• _Exercise goal_
The lines from the one containing "ابرها بزرگ بودند و سفيد بودند و در گذر ابرها" to the end of the entries, both included, are what you need to transcribe exactly, without pictures and without anything else.

• _Data section_
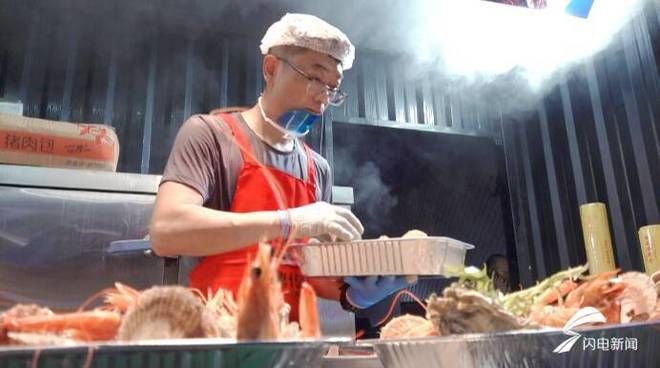 潍坊：啤酒与美食引爆“狂欢之夜”夏日夜经济活力四射(图2)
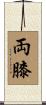 両膝 Scroll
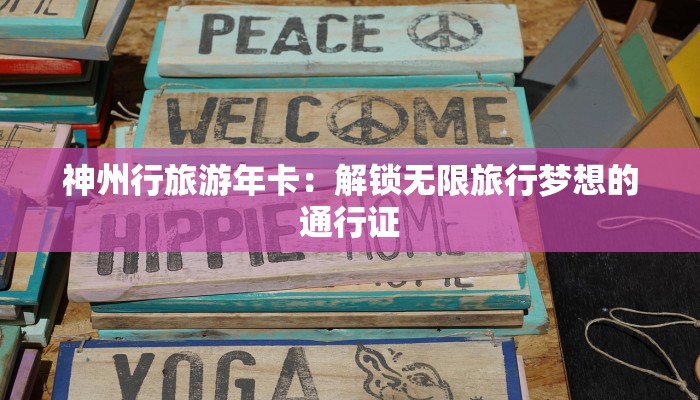 分享实测“wepoker辅助器透视挂”开挂辅助软件教程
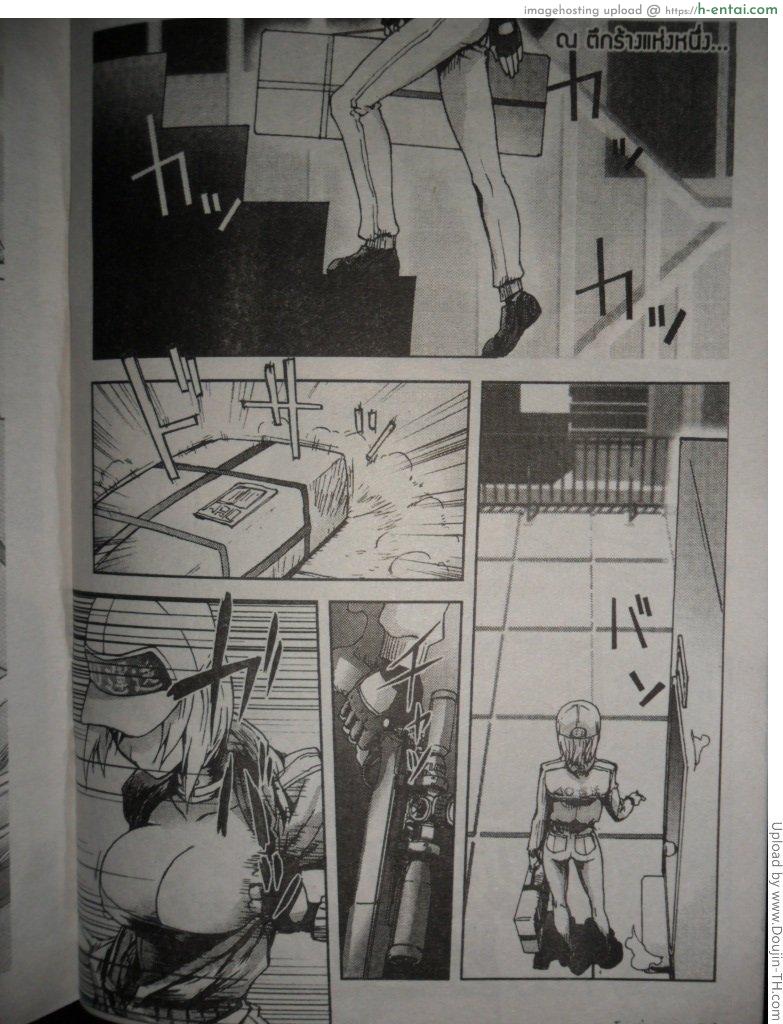 เพชรฆาตตาหวาน H manga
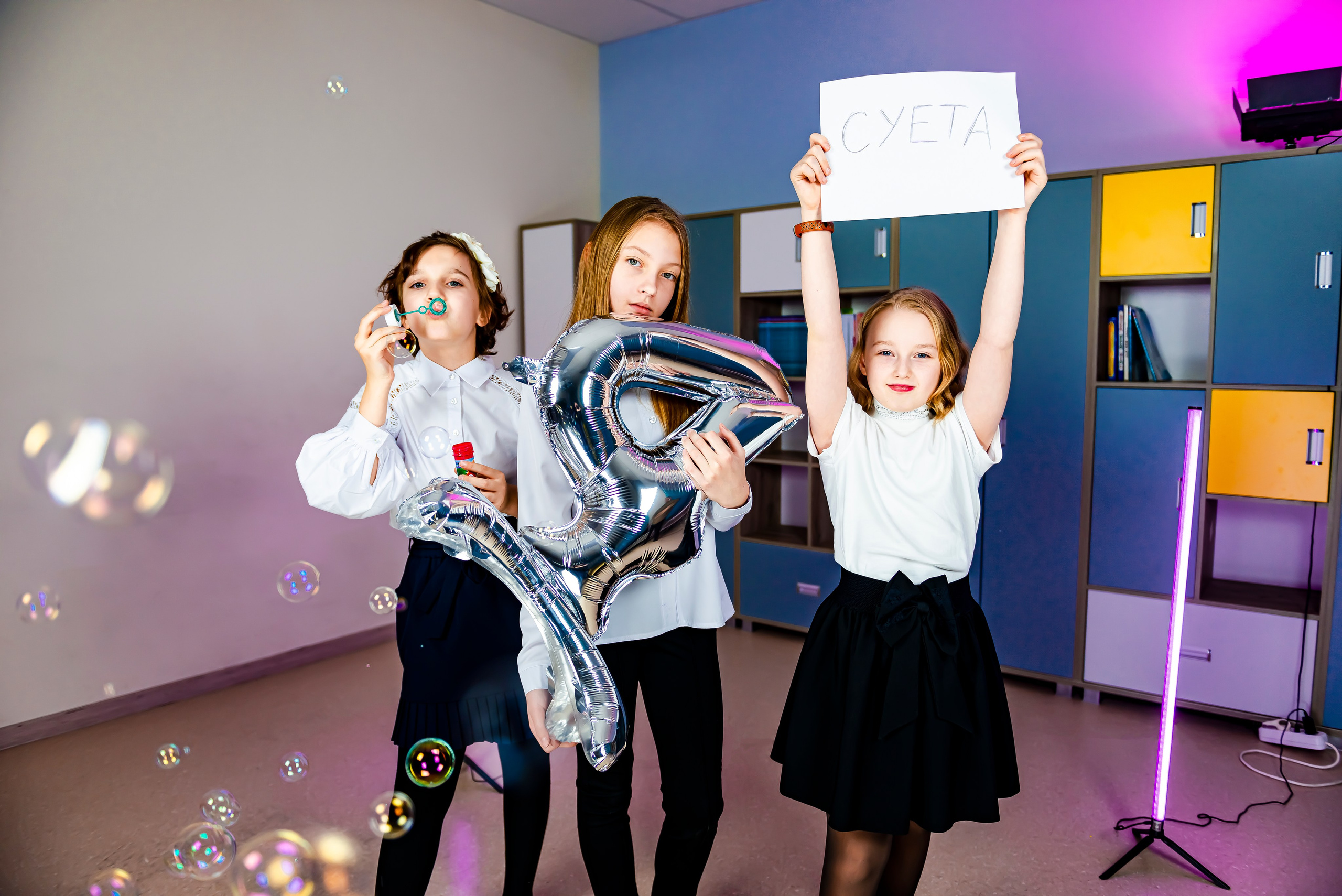 4 «Б» |г.Белгород |31 школа|2024-2025. ALBUMIA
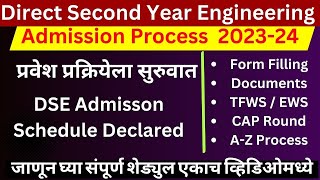 DSE Admission 202324 Started  Direct Second Year Engineering Admission Schedule  Lateral Entry [upl. by Hoo92]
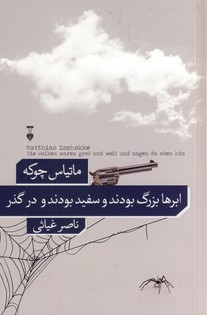 ابرها بزرگ بودند و سفيد بودند و در گذر ابرها بزرگ بودند و سفيد بودند و در گذر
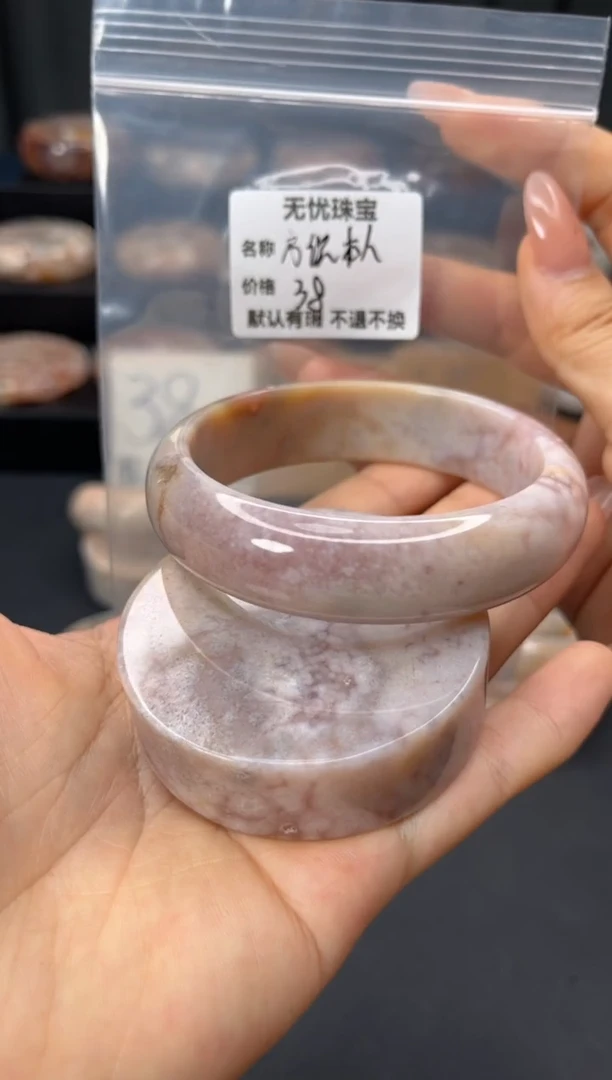 未镶嵌手镯石英质玉方***人默认有瑕 不退不换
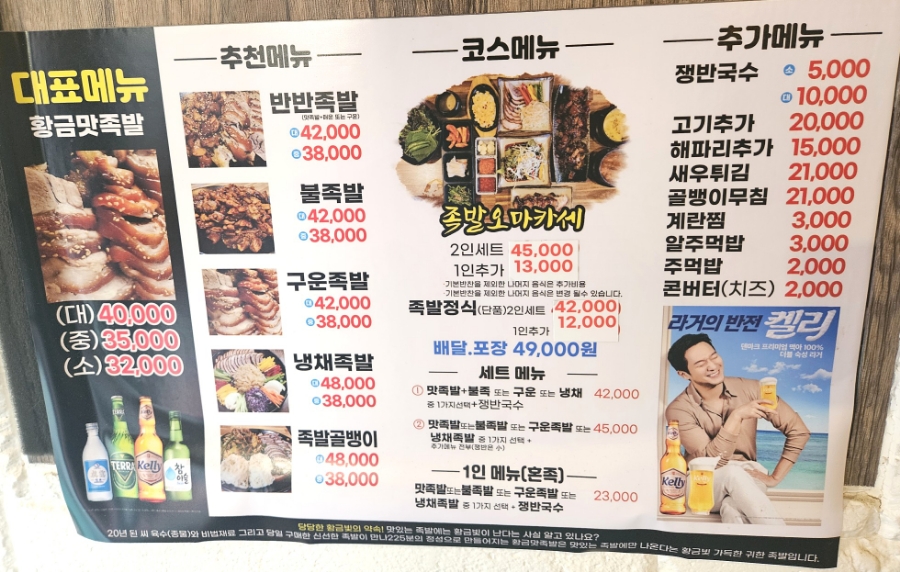 황금맛족발 이미지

• _Exercise solution_
 ابرها بزرگ بودند و سفيد بودند و در گذر ابرها بزرگ بودند و سفيد بودند و در گذر
 未镶嵌手镯石英质玉方***人默认有瑕 不退不换
 황금맛족발 이미지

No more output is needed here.